* **DATA FOR ANALYSIS**:
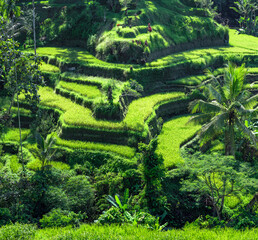 Landscape of sunny day with green rice terraces near Tegallalang village, Bali, Indonesia. Spectacular rice fields. Garden with tall palm trees. Romantic relax place.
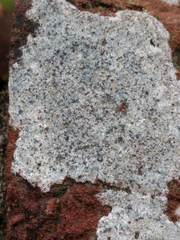 Porpidia soredizodes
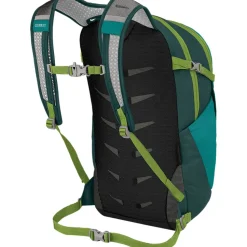 Daylite Plus 20L Backpack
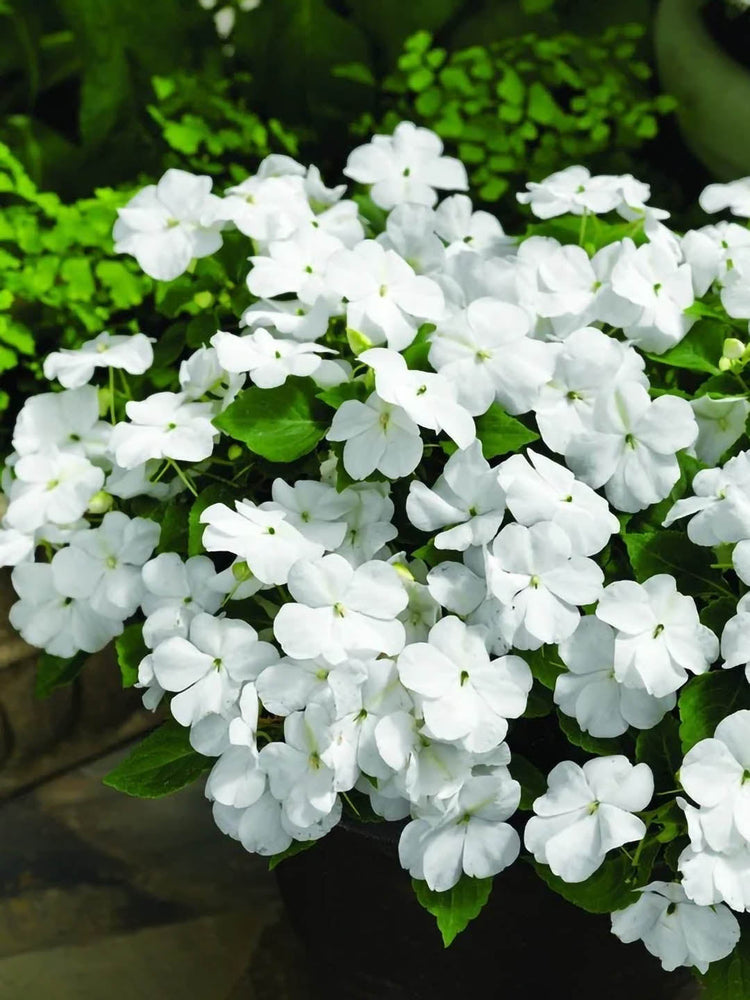 Impatiens Hawkeri White 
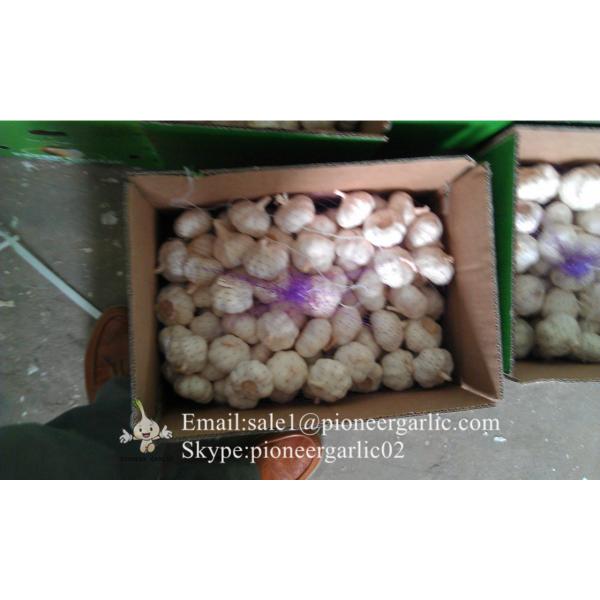 Hot Sale Chinese Fresh Purple Red Garlic Big Garlic 5.5cm and up Packed in Mesh Bag #3 image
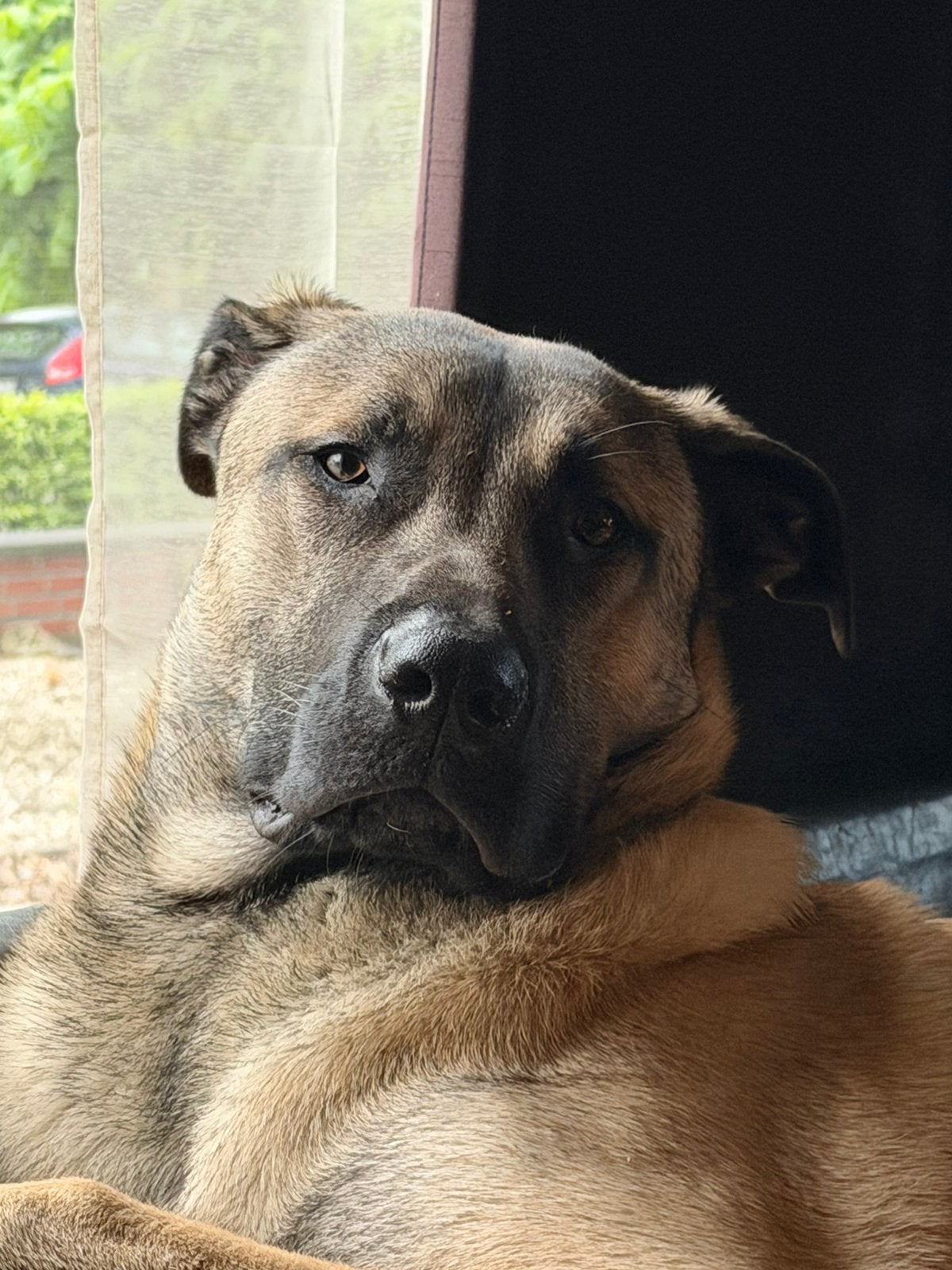 Lieve Kangal, 15 weken tot 1 jaar, Parvo, Eén hond, Nederland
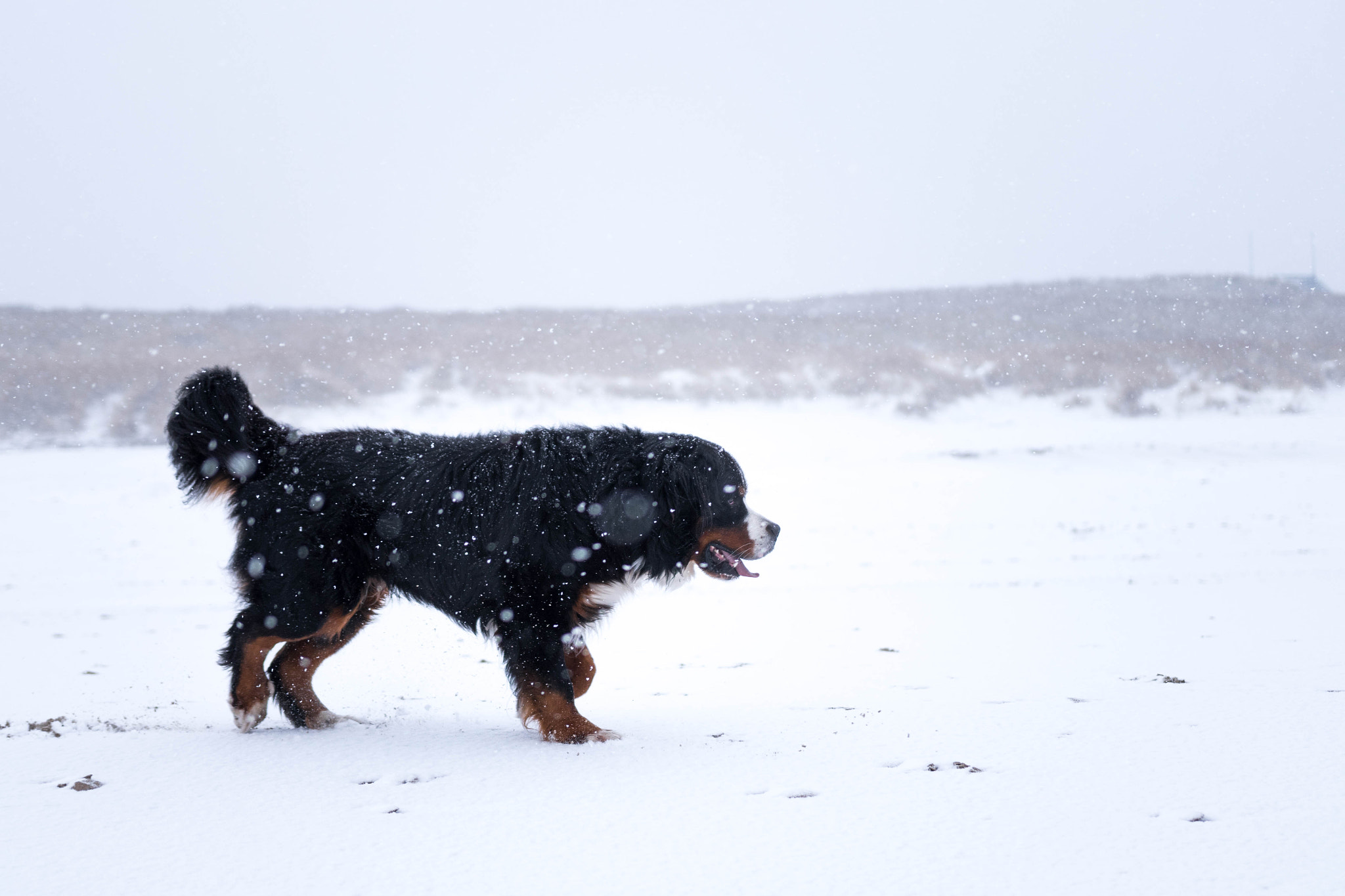Nikon D5500 + Sigma 18-35mm F1.8 DC HSM Art sample photo. Mountain dog photography
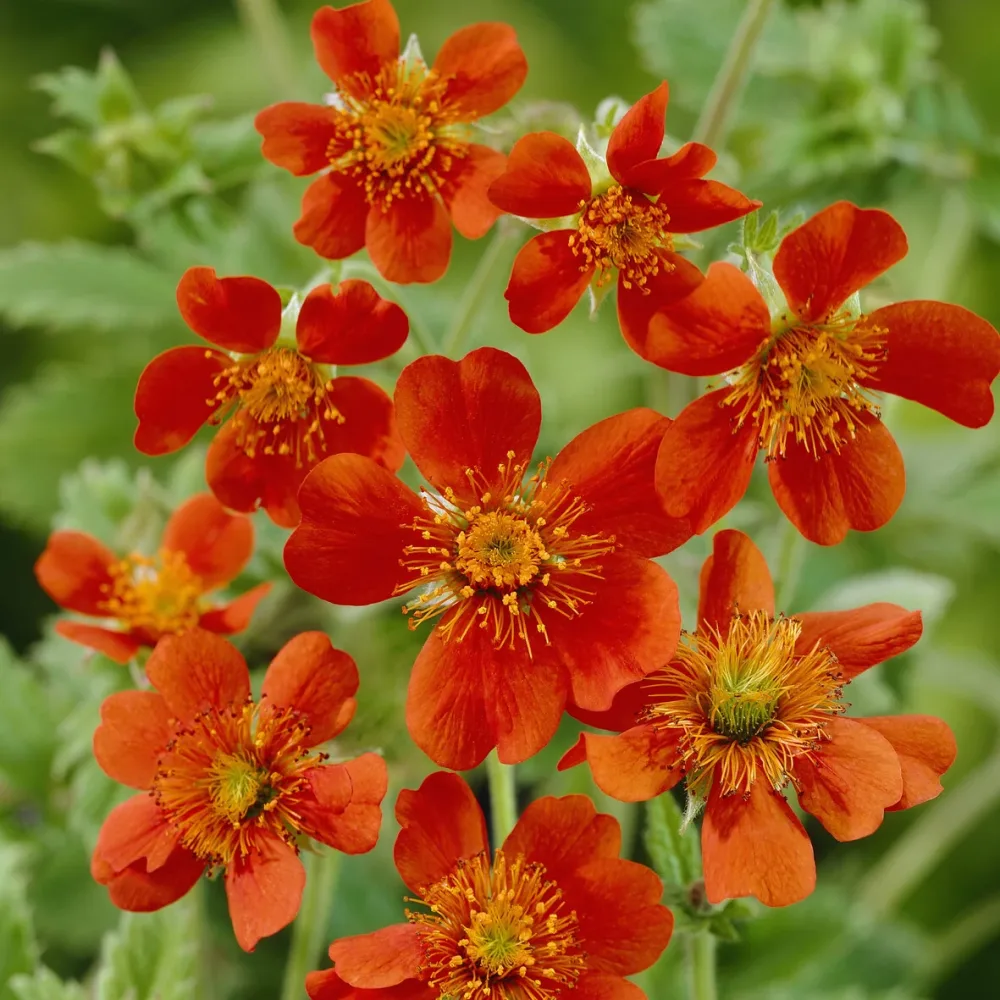 Benoîte orange Borisii Geum coccineum Borisii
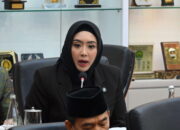 Anggota DPR RI, Cindy Monica. Foto: Arifma/Mahendra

* **WORK ITEM**: Repeat the listing above from its first line through the line that contains "Impatiens Hawkeri White", both included, and nothing more. Drop the pictures.

* **RESULT**:
 Landscape of sunny day with green rice terraces near Tegallalang village, Bali, Indonesia. Spectacular rice fields. Garden with tall palm trees. Romantic relax place.
 Porpidia soredizodes
 Daylite Plus 20L Backpack
 Impatiens Hawkeri White 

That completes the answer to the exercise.